First, let me set the scene. You're out to dinner with a group of friends on a Friday night. Everything is great until the bill comes and it's over $300. You all decide to split the meal equally, but when the waiter comes back, you realize that you’ve paid way more than what you actually ordered. The reason this happens is that it's a pain to manually itemize a check and calculate what each person owes. So what happens more often than not is that the bill gets split evenly and people end up paying for things they didn’t order.
As long as one person in your party has a Venmo debit card, you don't have to worry about multiple transactions. Instead, whoever decides to use their Venmo debit card for the purchase will initiate a split within the Venmo app. Initiating a split is similar to adding friends to a group chat. Only those who are specifically invited can access the split.
After conducting my interviews, I extracted the most significant and repetitive insights from each and created a set of activity notes to then organize.
Without prompting, Interviewees expressed concerns about the safety of their transfers.
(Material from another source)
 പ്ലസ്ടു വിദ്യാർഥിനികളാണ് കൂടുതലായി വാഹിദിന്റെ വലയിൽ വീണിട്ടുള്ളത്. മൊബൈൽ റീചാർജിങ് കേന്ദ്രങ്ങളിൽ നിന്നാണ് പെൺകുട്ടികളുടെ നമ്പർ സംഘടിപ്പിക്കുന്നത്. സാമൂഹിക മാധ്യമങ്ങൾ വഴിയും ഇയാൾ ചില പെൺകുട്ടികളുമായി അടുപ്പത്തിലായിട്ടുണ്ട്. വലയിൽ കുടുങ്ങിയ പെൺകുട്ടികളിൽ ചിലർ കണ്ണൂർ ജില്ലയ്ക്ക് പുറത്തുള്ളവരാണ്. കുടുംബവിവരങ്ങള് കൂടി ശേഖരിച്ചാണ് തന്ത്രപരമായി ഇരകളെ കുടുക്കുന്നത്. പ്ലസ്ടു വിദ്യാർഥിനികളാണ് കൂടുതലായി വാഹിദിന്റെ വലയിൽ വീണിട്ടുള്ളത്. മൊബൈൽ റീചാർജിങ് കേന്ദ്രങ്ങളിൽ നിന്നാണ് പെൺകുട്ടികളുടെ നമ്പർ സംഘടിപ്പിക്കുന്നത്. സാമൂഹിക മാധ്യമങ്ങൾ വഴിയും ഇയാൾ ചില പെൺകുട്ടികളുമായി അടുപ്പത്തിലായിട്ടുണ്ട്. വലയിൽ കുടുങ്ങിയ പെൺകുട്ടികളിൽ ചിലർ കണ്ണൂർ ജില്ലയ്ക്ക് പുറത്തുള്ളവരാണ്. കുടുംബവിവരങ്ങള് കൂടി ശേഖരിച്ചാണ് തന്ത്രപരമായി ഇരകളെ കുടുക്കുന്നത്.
Venmo is the principal app used for the exchange of money and is not consciously connected with a trusted institution.
The process of finding people to pay or request isn’t always as smooth as it should be, and the alternative of using cash isn’t considered to be any better.
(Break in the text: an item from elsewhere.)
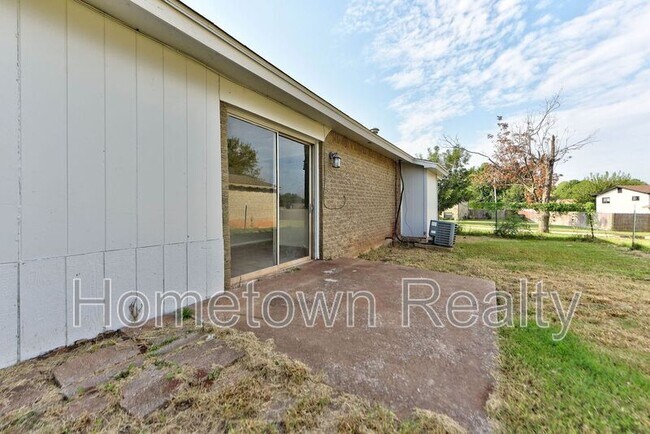 Building Photo - 2401 Piccadilly Cir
Multiple participants recognized the uncomfortable silence that takes place at the end of the meal when the bill arrives.
Most users prefer debit over credit, and then cash as a last resort. With only a few exceptions, credit cards have been deemed as less trustworthy since they are comprised of fictitious money.
This has to do with the actual transfer of money and who does what. The pattern seems to be that users either split evenly, split by order, or take turns covering the bill.
Say hello to Paige.
She's someone that you definitely feel like you've seen before, but you're not sure if she's a friend of a friend or if she just has one of those familiar faces. Ultimately, Paige is a facet of every interviewee. She is someone who has definitely experienced the pains of splitting a bill amongst a large group. And as a social butterfly, she values her time with friends, but hates the added cost of what comes with group activities.
After determining user pain points and creating a user persona, the next process I focused on was creating a visual narrative to describe them.
With a user persona and journey as a guide, the next step was to start prototyping. I needed to test my ideas. The last thing I wanted was to end up with a final product that didn't work, or even worse, didn’t make sense.
I pulled out my scissors, glue, and sticky notes and created semi-interactive screens. These "interactive" features are indicated by the blue and pink colors.
After having participants interact with my low-fidelity prototype, I made some key changes to each interface.
While my paper prototype captures the big picture, these wireframes emphasize the addition of detail as a a way of building up to a high-fidelity mockup.
The design process is iterative, especially as you get closer to a "finished product". I say this in parentheses because no product is truly ever finished. As we continue to evolve, so do our needs and there is always room for improvement.
With that said, below is my first pass at a high-fidelity mockup. While nearly identical to the my mid-fidelity frames, these screens are designed to make my idea feel as real as possible.
Once again, because the design process is not linear, my next steps involved putting my prototypes to the test. I recruited family and friends to interact with my high-fidelity model. My goal this time around was to see how participants interacted with the application add-on and to find potential problem areas for the user by giving them a series of tasks to complete.
Overall, this round of usability tests were extremely helpful in identifying the major pain points. In addition to a few technical bugs, the majority of the issues were cosmetic and stemmed around understanding certain icons and their functions within assigned tasks.
Since the majority of problem areas centered around appearance, I knew that I wanted my next round of designs to focus on visual clarity and eliminate any uncertainty regarding functionality.
I did this by creating a larger-scale flow with two distinct paths, and by incorporating a more thorough style guide. In addition to having created the main flow in which one person initiates the split, I added a second user flow that showcases how group members participate when being added to a split.
The first path mirrors the original flow and takes the initiator through the process of splitting.
The second path demonstrates how users engage in a split when they are not the initiator. Depending on the initiator's choices, users can either confirm their portion of a split or decide to split later.